▶ **WHAT THE EXERCISE ASKS**:
In the material below, the required lines run from the one containing "Making buddha statues" through the one containing "Penampilan Tari oleh Sanggar Indah Dimato". Copy those lines exactly, ends included, and nothing else.

▶ **DATA**:
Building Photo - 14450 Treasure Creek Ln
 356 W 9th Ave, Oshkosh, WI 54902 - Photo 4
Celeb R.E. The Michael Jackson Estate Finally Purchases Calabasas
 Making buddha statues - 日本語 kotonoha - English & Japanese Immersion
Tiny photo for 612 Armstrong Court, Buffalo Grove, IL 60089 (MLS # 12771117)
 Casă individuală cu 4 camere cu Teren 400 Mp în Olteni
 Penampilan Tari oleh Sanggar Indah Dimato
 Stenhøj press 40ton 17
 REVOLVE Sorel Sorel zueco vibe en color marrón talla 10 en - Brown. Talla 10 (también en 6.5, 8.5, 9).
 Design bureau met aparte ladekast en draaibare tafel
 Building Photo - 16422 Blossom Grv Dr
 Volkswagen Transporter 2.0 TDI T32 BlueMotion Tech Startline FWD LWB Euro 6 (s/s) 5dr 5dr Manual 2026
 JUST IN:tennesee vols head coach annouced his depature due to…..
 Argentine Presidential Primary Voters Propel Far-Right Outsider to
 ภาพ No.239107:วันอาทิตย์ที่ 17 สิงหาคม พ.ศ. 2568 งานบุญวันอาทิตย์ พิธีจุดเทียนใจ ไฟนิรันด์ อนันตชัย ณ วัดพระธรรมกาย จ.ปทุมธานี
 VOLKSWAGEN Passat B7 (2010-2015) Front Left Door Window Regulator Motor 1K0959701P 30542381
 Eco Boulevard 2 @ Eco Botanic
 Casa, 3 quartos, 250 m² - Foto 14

▶ **THE ANSWER**:
 Making buddha statues - 日本語 kotonoha - English & Japanese Immersion
Tiny photo for 612 Armstrong Court, Buffalo Grove, IL 60089 (MLS # 12771117)
 Casă individuală cu 4 camere cu Teren 400 Mp în Olteni
 Penampilan Tari oleh Sanggar Indah Dimato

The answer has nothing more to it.